• TASK DIRECTIONS: Leaving out every picture, copy the lines of the material below exactly, from the line containing "Hello everyone, this" through the line containing "A body digests".

• ENTRIES SUPPLIED:
>>
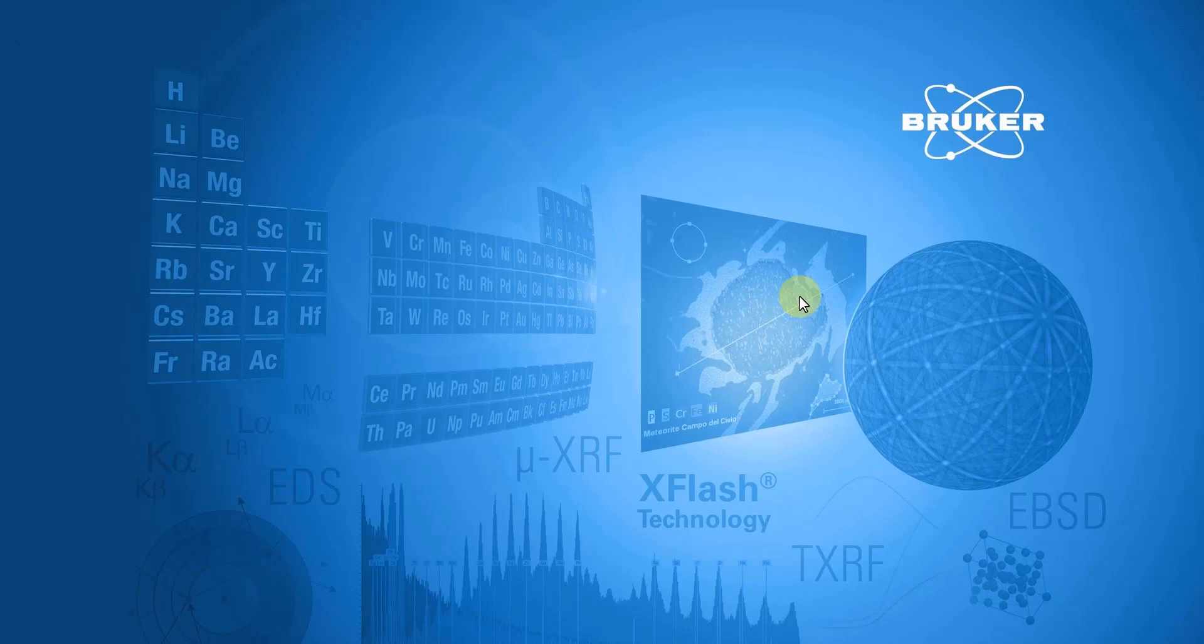Hello, and welcome to the support tutorial video for Brooker Handheld Products. This video will review the library matching feature in Artex software, which allows the user to build a library of known reference materials and find the best match for unknown samples.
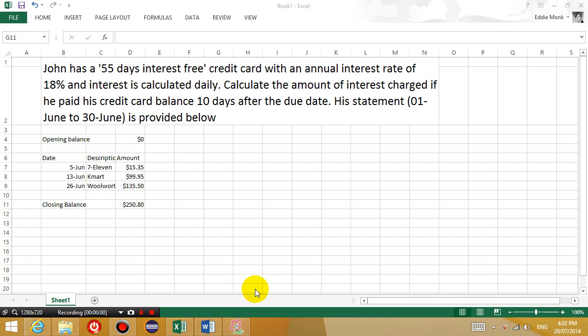Hello everyone, this is Eddie the Magic Monk. Welcome to another maths tutorial.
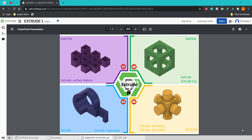Hello and welcome to this Onshape tutorial. Today we're going to look at the first feature in Onshape, which is the extrude feature or tool. We have four activities to work through, starting off with the basics of creating a basic extrude and extrude cut, and then working our way along to creating surfaces using the extrude.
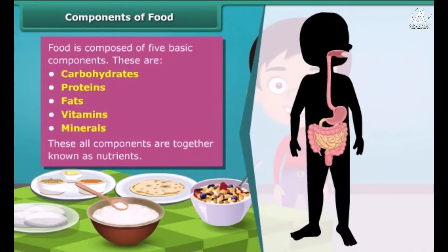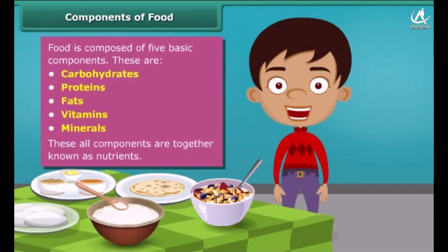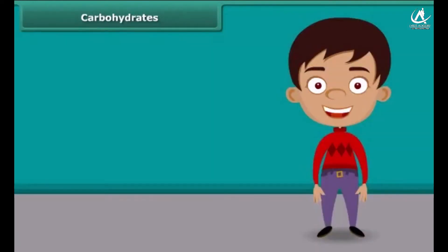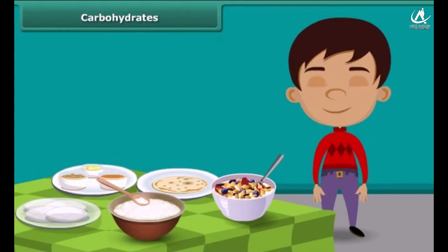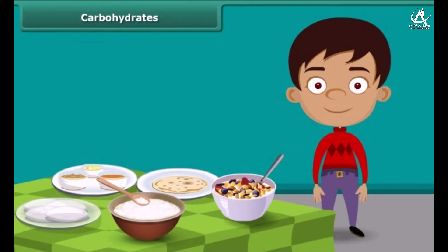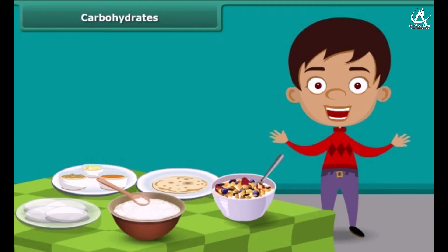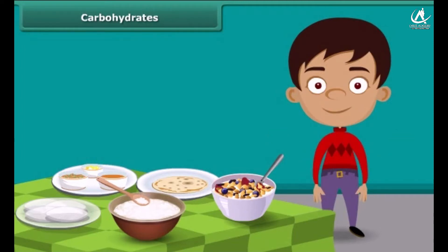A body digests food and absorbs these nutrients to provide energy. Some nutrients help us fight against diseases. Each food item contains all nutrients in different amounts and each nutrient plays a different role in the body. Let us know about these nutrients one by one in detail. First, carbohydrates.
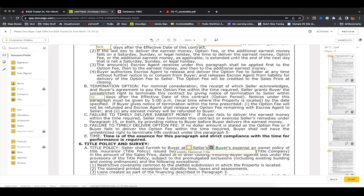Failure to deliver earnest or option money within a timely manner is a big one I've fallen prey to myself. You have three business days to deliver earnest and option money. If you don't deliver within those three days, you forfeit your earnest money and your right to an option period — that's what paragraphs C and D are telling you. Keep that in mind.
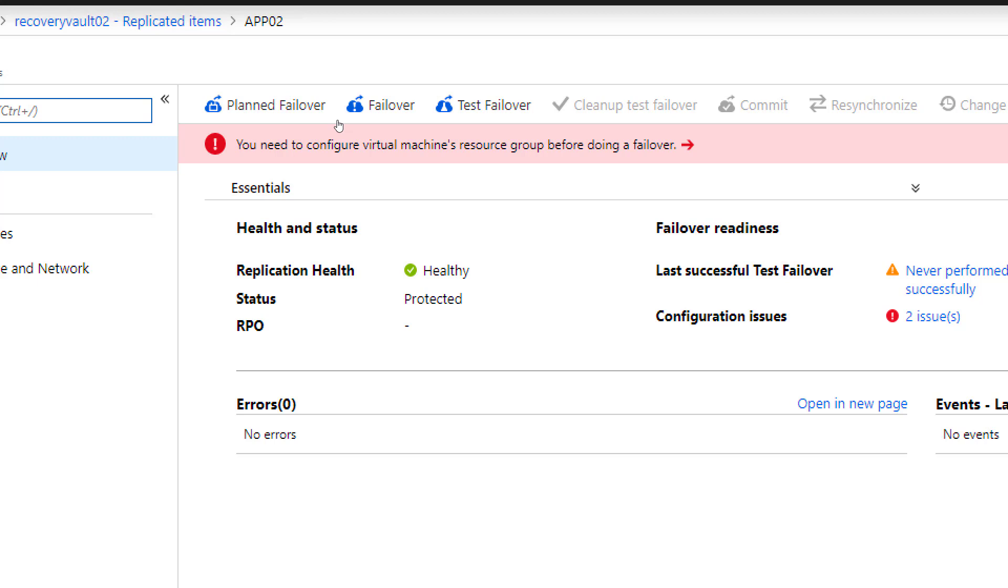However, I also have planned failover and test failover. Planned failover allows me to basically replicate the virtual machine again, shut down the virtual machine, have the latest changes, and basically start up the virtual machine in Azure. This is the perfect scenario if you also want to migrate a virtual machine to Azure. And then with the test failover, you basically can test the virtual machine in a different virtual network to see if the replication really worked and if the application is running inside that virtual machine.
<<
• REPLY:
Hello everyone, this is Eddie the Magic Monk. Welcome to another maths tutorial.
Hello and welcome to this Onshape tutorial. Today we're going to look at the first feature in Onshape, which is the extrude feature or tool. We have four activities to work through, starting off with the basics of creating a basic extrude and extrude cut, and then working our way along to creating surfaces using the extrude.
A body digests food and absorbs these nutrients to provide energy. Some nutrients help us fight against diseases. Each food item contains all nutrients in different amounts and each nutrient plays a different role in the body. Let us know about these nutrients one by one in detail. First, carbohydrates.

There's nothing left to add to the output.